A major advantage of using a pipeline is that it enables comprehensive cross-validation and hyperparameter tuning for all steps simultaneously. By integrating the pipeline within GridSearchCV, you can fine-tune not only the model but also the preprocessing steps, leading to optimized overall performance. Pipelines are essential for scenarios where preprocessing involves estimators performing operations like scaling, encoding categorical variables, imputing missing values, and dimensionality reduction. Pipelines ensure these steps are reproducibly applied to both training and test data.

Steps

Import the required libraries

import matplotlib.pyplot as plt
from sklearn.datasets import load_iris
from sklearn.model_selection import train_test_split, GridSearchCV, StratifiedKFold
from sklearn.preprocessing import StandardScaler
from sklearn.decomposition import PCA
from sklearn.neighbors import KNeighborsClassifier
from sklearn.pipeline import Pipeline
import seaborn as sns
from sklearn.metrics import confusion_matrix

Train a model using a pipeline

We’ll start with an example of building a pipeline, fitting it to the Iris data, and evaluating its accuracy.

data = load_iris()
X, y = data.data, data.target
labels = data.target_names

Instantiate a pipeline consisting of StandardScaler, PCA, and KNeighborsClassifier

pipeline = Pipeline([
    ('scaler', StandardScaler()),       # Step 1: Standardize features
    ('pca', PCA(n_components=2)),       # Step 2: Reduce dimensions to 2 using PCA
    ('knn', KNeighborsClassifier(n_neighbors=5))  # Step 3: K-Nearest Neighbors classifier
])

Split the data into training and test sets (stratified)

X_train, X_test, y_train, y_test = train_test_split(
    X, y, test_size=0.2, random_state=42, stratify=y
)

Fit the pipeline on the training set and evaluate accuracy

pipeline.fit(X_train, y_train)
# Measure the pipeline accuracy on the test data
test_score = pipeline.score(X_test, y_test)
print(f"{test_score:.3f}")

test_score: 0.900

Get the model predictions

y_pred = pipeline.predict(X_test)

Generate the confusion matrix for the KNN model and plot it

conf_matrix = confusion_matrix(y_test, y_pred)
plt.figure()
sns.heatmap(conf_matrix, annot=True, cmap='Blues', fmt='d',
            xticklabels=labels, yticklabels=labels)
plt.title('Classification Pipeline Confusion Matrix')
plt.xlabel('Predicted')
plt.ylabel('Actual')
plt.tight_layout()
plt.show()

Describe the errors made by the model

The model incorrectly classified two virginica irises as versicolor, and one versicolor as virginica. Only three classification errors out of 30 irises on our first attempt!

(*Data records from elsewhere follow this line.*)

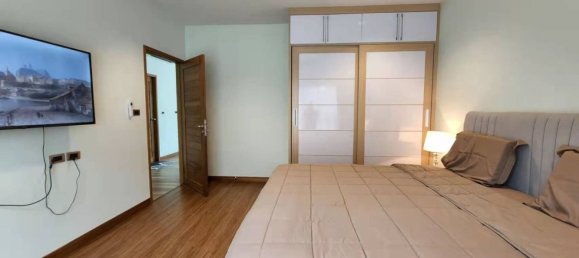 Кафе / ресторан с 3 спальнями в Паттайя, Таиланд № 4346 23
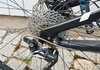 Specialized Epic FSR Comp 29” – Heldämpad MTB Mountainbike säljes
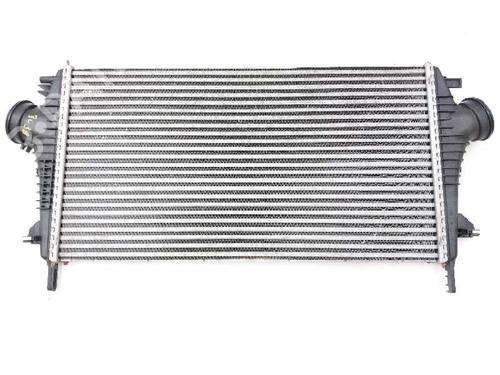 Intercooler OPEL INSIGNIA A (G09) | BP20683348M30 - Image 2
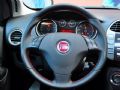  1.4T\Ӱ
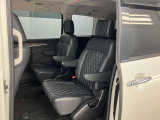 この度は当店のお車をご覧になっていただき、誠にありがとうございます。じっくり現車確認して頂けるよう、ご準備を致します!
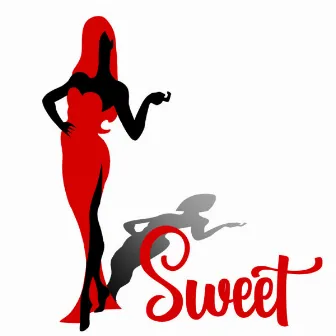 Sweet by Holli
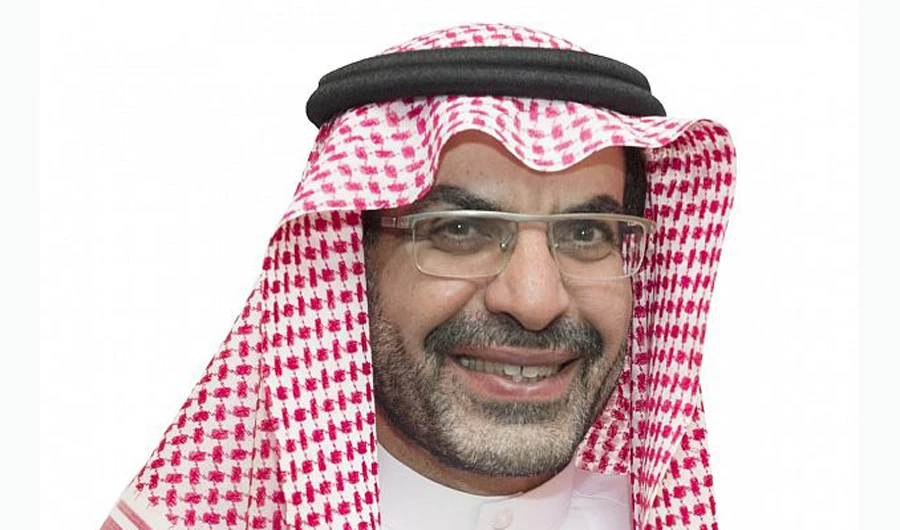 Saudi Arabia commits to renewable IRENA projects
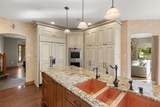 1616 Golf View Dr - Photo 14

Tune hyperparameters using a pipeline within cross-validation grid search

We created a model but haven’t yet attempted to optimize its performance. Let’s see if we can do better. The correct way to handle this tuning is to use cross-validation.

Instantiate the pipeline

pipeline = Pipeline([
    ('scaler', StandardScaler()),
    ('pca', PCA()),
    ('knn', KNeighborsClassifier())
])

Define a model parameter grid to search over

param_grid = {'pca__n_components': [2, 3],
              'knn__n_neighbors': [3, 5, 7]}

Choose a cross validation method

cv = StratifiedKFold(n_splits=5, shuffle=True, random_state=42)

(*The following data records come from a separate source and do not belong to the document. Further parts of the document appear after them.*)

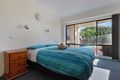 Property photo of 14/1 Dunns Lane Merimbula NSW 2548
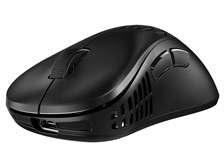 Pulsar Gaming Gears Xlite V2 Mini Wireless PXW21S [Black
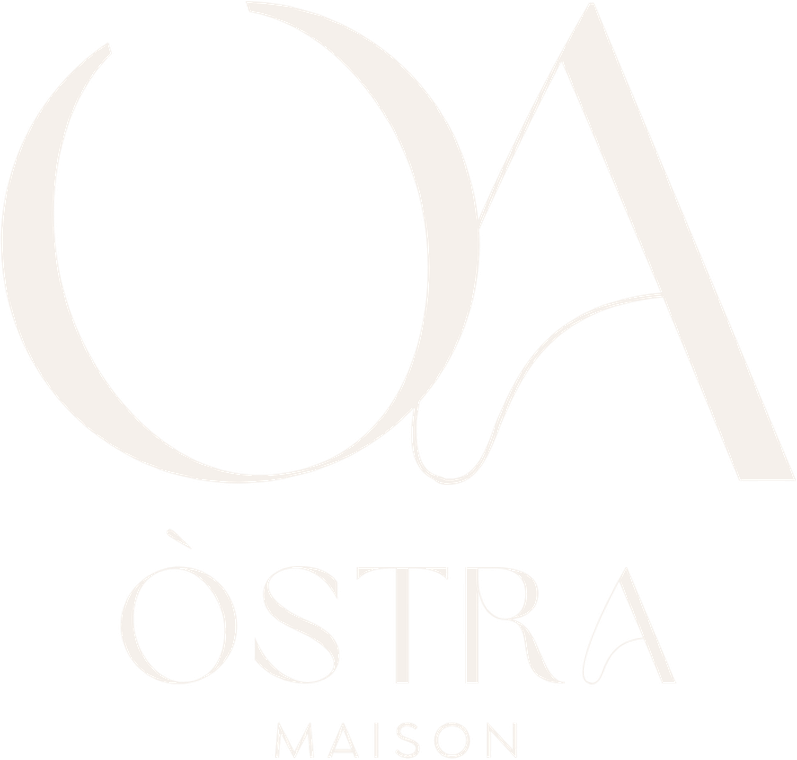 Maison Òstra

Determine the best parameters using GridSearchCV

best_model = GridSearchCV(
    estimator=pipeline,
    param_grid=param_grid,
    cv=cv,
    scoring='accuracy',
    verbose=2,
)

Fit the best GridSearchCV model to the training data

best_model.fit(X_train, y_train)

Evaluate the accuracy of the best model on the test set

test_score = best_model.score(X_test, y_test)
print(f"{test_score:.3f}")

test_score: 0.933

We’ve made a great accuracy improvement from 90% to 93%.

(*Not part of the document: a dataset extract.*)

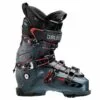 Dalbello Panterra 120 IF GW Ski Boots 2024 -Winter shoes Sales Shop 10026 ANTHRACITEANTHRACI l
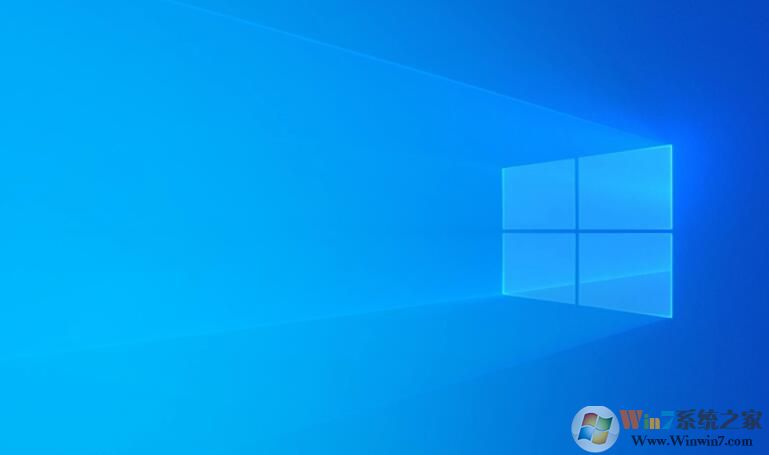 KB5006670累积更新下载(适用于Win10 20H1/20H2/21H1)2021年10月版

Display the best parameters

best_model.best_params_

{’knn__n_neighbors’: 3, ’pca__n_components’: 2}

Plot the confusion matrix for the predictions on the test set

y_pred = best_model.predict(X_test)
conf_matrix = confusion_matrix(y_test, y_pred)
plt.figure()
sns.heatmap(conf_matrix, annot=True, cmap='Blues', fmt='d',
            xticklabels=labels, yticklabels=labels)
plt.title('KNN Classification Testing Confusion Matrix')
plt.xlabel('Predicted')
plt.ylabel('Actual')
plt.tight_layout()
plt.show()

That’s impressive, only two errors where the predictions were Versicolor but the iris was actually a Virginica.